The sound of the gospel

年間第3主日

2025年01月26日

福音箇所 ルカによる福音書1・1-4、4・14-21

わたしたちの間で実現した事柄について、最初から目撃して御言葉のために働いた人々がわたしたちに伝えたとおりに、物語を書き連ねようと、多くの人々が既に手を着けています。そこで、敬愛するテオフィロさま、わたしもすべての事を初めから詳しく調べていますので、順序正しく書いてあなたに献呈するのがよいと思いました。お受けになった教えが確実なものであることを、よく分かっていただきたいのであります。〔さて、〕イエスは”霊”の力に満ちてガリラヤに帰られた。その評判が周りの地方一帯に広まった。イエスは諸会堂で教え、皆から尊敬を受けられた。イエスはお育ちになったナザレに来て、いつものとおり安息日に会堂に入り、聖書を朗読しようとしてお立ちになった。預言者イザヤの巻物が渡され、お開きになると、次のように書いてある個所が目に留まった。「主の霊がわたしの上におられる。貧しい人に福音を告げ知らせるために、主がわたしに油を注がれたからである。主がわたしを遣わされたのは、捕らわれている人に解放を、目の見えない人に視力の回復を告げ、圧迫されている人を自由にし、主の恵みの年を告げるためである。」イエスは巻物を巻き、係の者に返して席に座られた。会堂にいるすべての人の目がイエスに注がれていた。そこでイエスは、「この聖書の言葉は、今日、あなたがたが耳にしたとき、実現した」と話し始められた。

メッセージ

担当者 シュエ・ルイ・ジュン神父(鳴海教会)

20年前、初めて海外に出て、英語で神学や哲学を学んだ時のことを今でもはっきりと覚えています。当初は食べ物や気候が最大の挑戦だと思っていましたが、実際には言語が最大の壁でした。言葉がわからなければ、その国の文化を深く理解することも、人と 交流することもできません。その結果、人と人との間に距離が生まれ、孤独感が増してしまいます。言葉が通じないということは、生きるための基盤を失うのと同じです。生きることの意味は単に生存することではなく、物語を紡いで人生を楽しむことにあります。そしてそれは、人とのコミュニケーションなくしては成り立ちません。私にとって、特に神学や哲学を学ぶ上で、言語が通じなければ到底合格できませんでした。

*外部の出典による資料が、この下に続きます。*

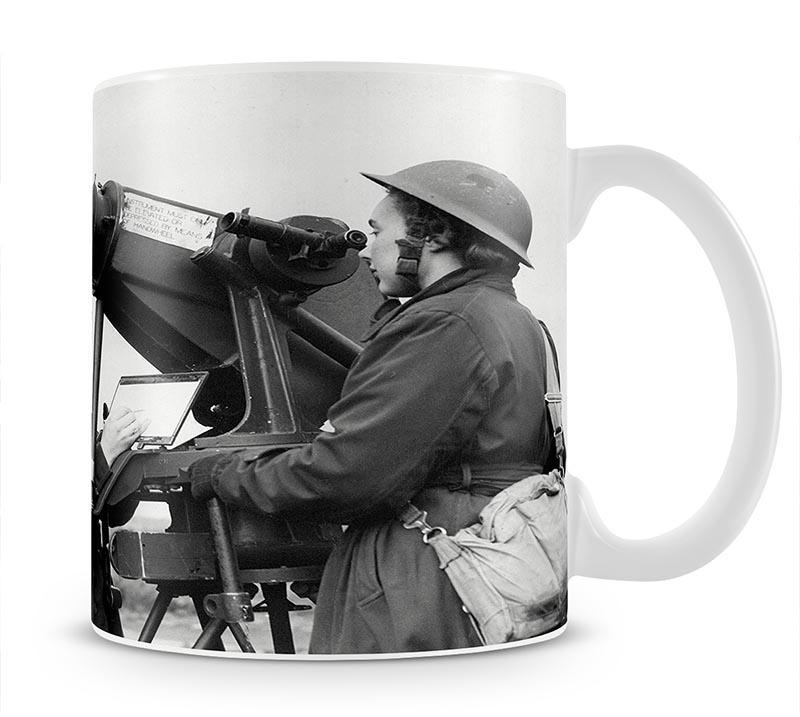 Women soldiers take aim WW2 Mug - Canvas Art Rocks - 1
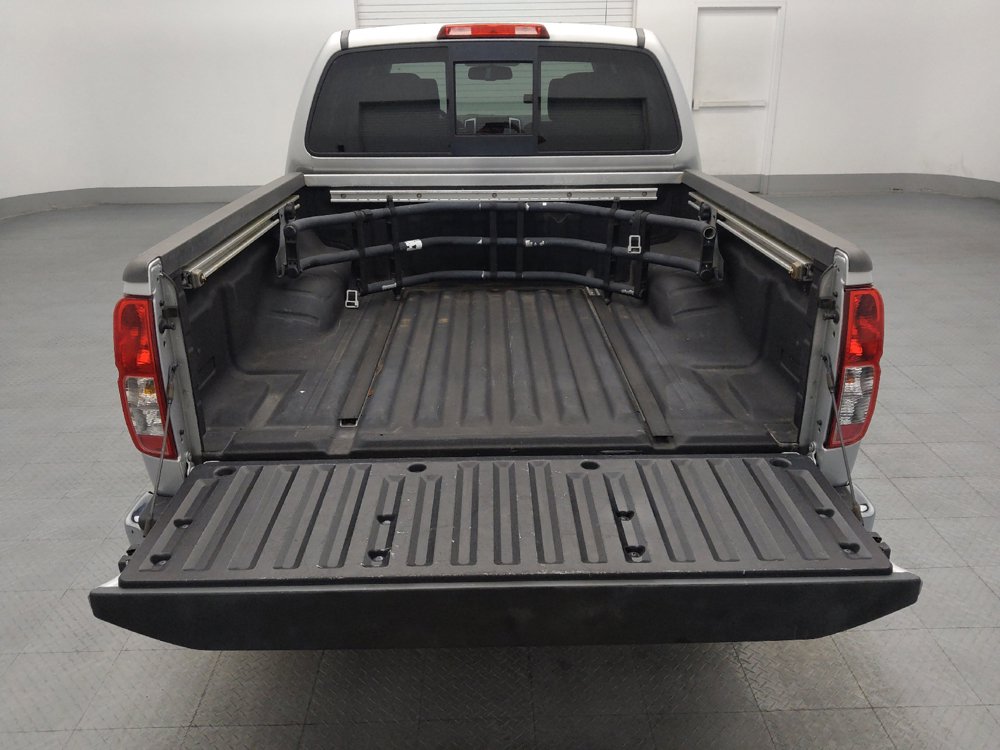 Used 2015 Nissan Frontier SV w/ SV Value Truck Package RWD image 29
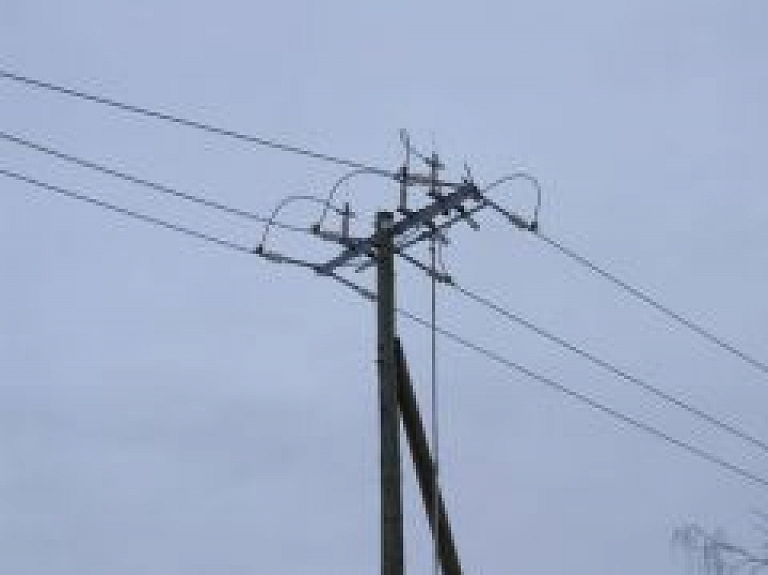Pēc vētras bez elektrības joprojām ap 3000 mājsaimniecību
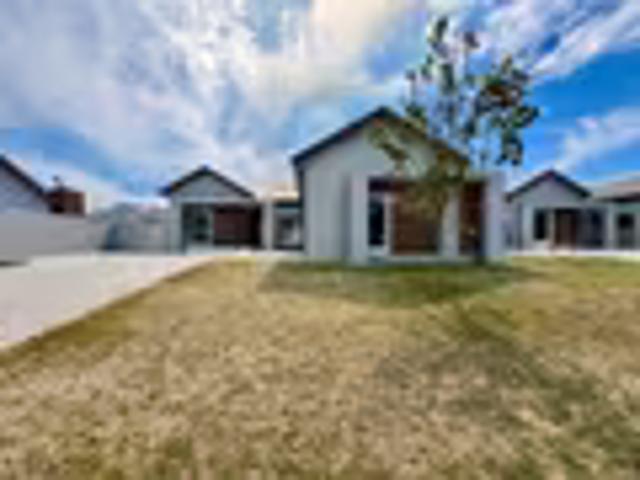 House for sale in Onverwacht, Western Cape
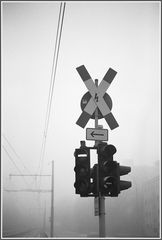 Andreaskreuz im Nebel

英語の言語能力が少しずつ向上するにつれて、他者と交流する喜びを味わえるようになりました。卒業後、英語圏以外の国、日本に派遣され、日本語という新しい言語に直面しました。日本語という言語は、まさに異文化そのものであり、学習困難でしたが。今日では、努力の末、日本語でコミュニケーションを取れるようになり、生活が豊かになったと感じています。今日私たちが祝う「神のことばの主日」において、神様が求めているのは「どれだけ話すか」でも「どれだけ覚えるか」でもありません。それは「聴く」ことです。「聴く」とはただ音を耳に入れるだけではありません。「聴く」とは心で聴き、主の言葉を心に刻むことです。聴いている間に、その言葉の意味を考え、自分に問いかけてみることが大切です。

イエスが生まれ育ったナザレの会堂に来られた時、イザヤ書からの朗読を行いました(イザヤ61:1)。朗読が終わると、聖書を閉じ、しばし間を置いてから次のように宣言されました。「この聖書の言葉は、今日、あなたがたが耳にしたとき、実現した」    (ルカ4:21)。しかし、このイエスの宣言は会堂内に大きな騒ぎを引き起こしました。 後にイエスは有名な言葉を残されました。「預言者は、自分の故郷では歓迎されないものだ」。(ルカ4:24)ナザレの人々がイエスを拒絶したのは、彼らがイエスの言葉を本当に聴き取らず、理解しなかったからです。さらに言えば、彼らの心は既に自分たちの望むものに固執していました。しかし、神の言葉はしばしば私たちに挑戦を与えるものです。謙虚な心で神の言葉を聴くことを学ばなければ、神との関係を築き神を理解し他者や自分自身を理解することはできません。 私たち一人ひとりが謙虚な心で神の言葉を聴くことを学び、神のことばを心で聴き、黙想することで、神の言葉が私たちの心に深く入り、 私たちの人生を喜びで満たしていただけるよう祈りましょう。